Adsorption and conformations of lysozyme and α-lactalbumin at a water-octane interface.

机构信息

School of Chemistry, National University of Ireland Galway, Galway, Ireland.

出版信息

J Chem Phys. 2017 Nov 21;147(19):195101. doi: 10.1063/1.4994561.

DOI:10.1063/1.4994561
PMID:29166117
Abstract

As proteins contain both hydrophobic and hydrophilic amino acids, they will readily adsorb onto interfaces between water and hydrophobic fluids such as oil. This adsorption normally causes changes in the protein structure, which can result in loss of protein function and irreversible adsorption, leading to the formation of protein interfacial films. While this can be advantageous in some applications (e.g., food technology), in most cases it limits our ability to exploit protein functionality at interfaces. To understand and control protein interfacial adsorption and function, it is necessary to understand the microscopic conformation of proteins at liquid interfaces. In this paper, molecular dynamics simulations are used to investigate the adsorption and conformation of two similar proteins, lysozyme and α-lactalbumin, at a water-octane interface.

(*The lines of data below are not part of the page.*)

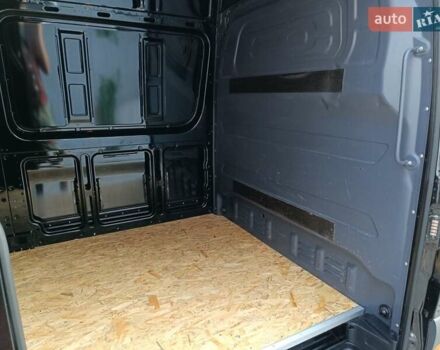Черный Мерседес Sprinter, объемом двигателя 3 л и пробегом 196 тыс. км за 39900 $, фото 71 на Automoto.ua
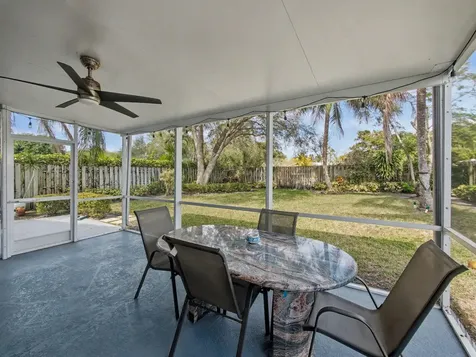 4073 Nw 2nd Lane Delray Beach FL 33445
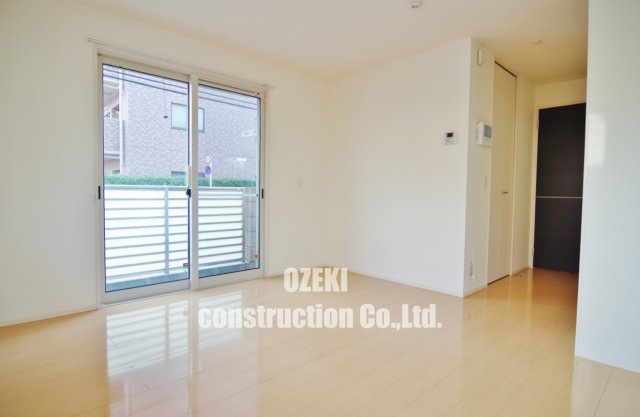 ルミエール新越谷の居間・リビング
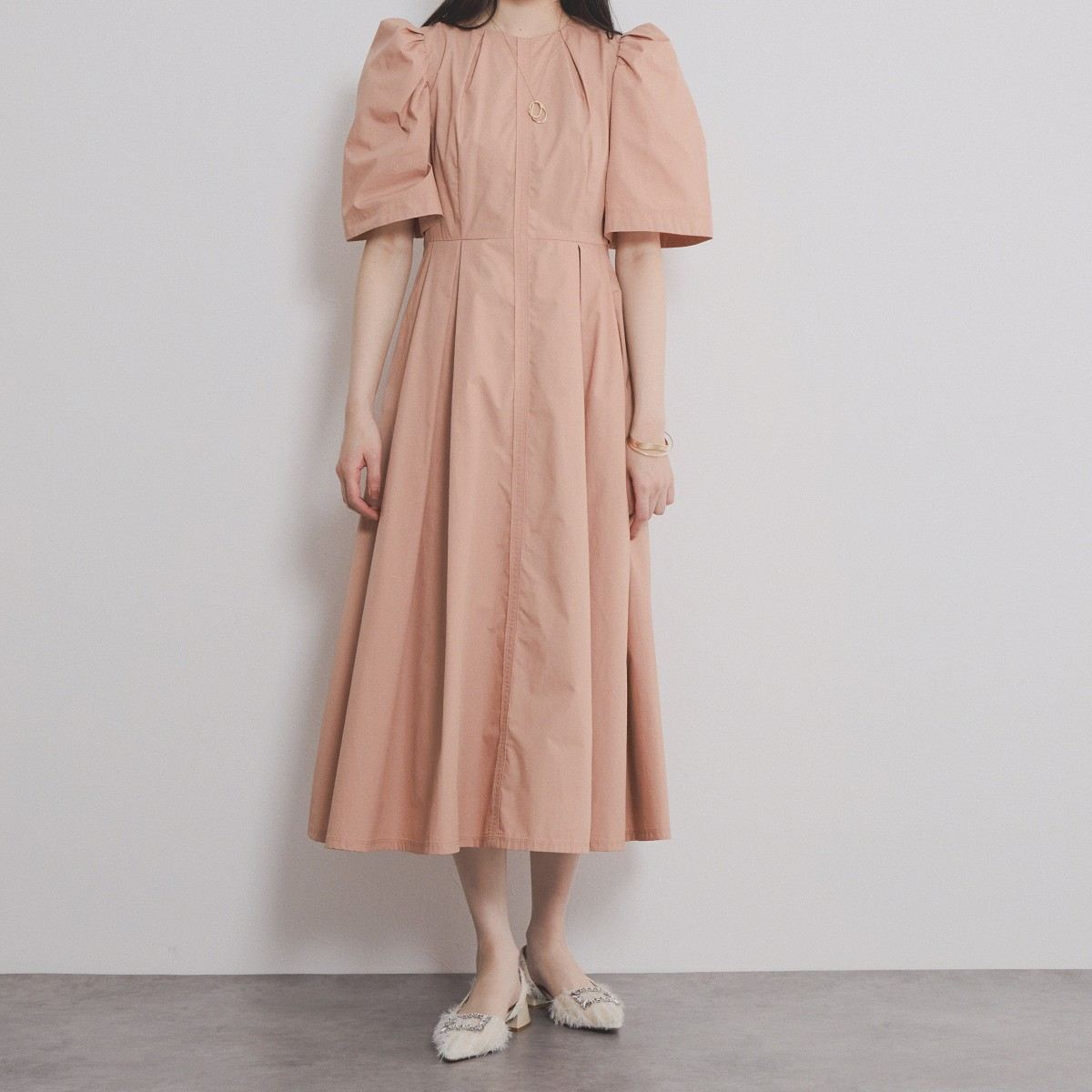 【SALE】ビジュー付きバックストラップパンプス/554502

While they both adsorb onto the interface, α-lactalbumin does so in a specific orientation, mediated by two amphipathic helices, while lysozyme adsorbs in a non-specific manner. Using replica exchange simulations, both proteins are found to possess a number of distinct interfacial conformations, with compact states similar to the solution conformation being most common for both proteins. Decomposing the different contributions to the protein energy at oil-water interfaces suggests that conformational change for α-lactalbumin, unlike lysozyme, is driven by favourable protein-oil interactions. Revealing these differences between the factors that govern the conformational change at interfaces in otherwise similar proteins can give insight into the control of protein interfacial adsorption, aggregation, and function.

摘要

由于蛋白质既含有疏水氨基酸又含有亲水氨基酸,因此它们会轻易地吸附在水和疏油液体(如油)之间的界面上。这种吸附通常会导致蛋白质结构发生变化,从而导致蛋白质功能丧失和不可逆吸附,形成蛋白质界面膜。虽然这在某些应用中可能是有利的(例如食品技术),但在大多数情况下,它限制了我们在界面处利用蛋白质功能的能力。为了理解和控制蛋白质界面吸附和功能,有必要了解蛋白质在液体界面处的微观构象。在本文中,使用分子动力学模拟研究了两种相似蛋白质溶菌酶和α-乳白蛋白在水-辛烷界面上的吸附和构象。虽然它们都吸附在界面上,但α-乳白蛋白通过两个两亲性螺旋以特定的取向吸附,而溶菌酶则以非特异性的方式吸附。使用复制交换模拟,发现两种蛋白质都具有许多不同的界面构象,与溶液构象相似的紧凑状态对两种蛋白质都最常见。分解蛋白质在油水界面上的能量的不同贡献表明,与溶菌酶不同,α-乳白蛋白的构象变化是由有利的蛋白质-油相互作用驱动的。揭示这些相似蛋白质界面构象变化的控制因素之间的差异,可以深入了解蛋白质界面吸附、聚集和功能的控制。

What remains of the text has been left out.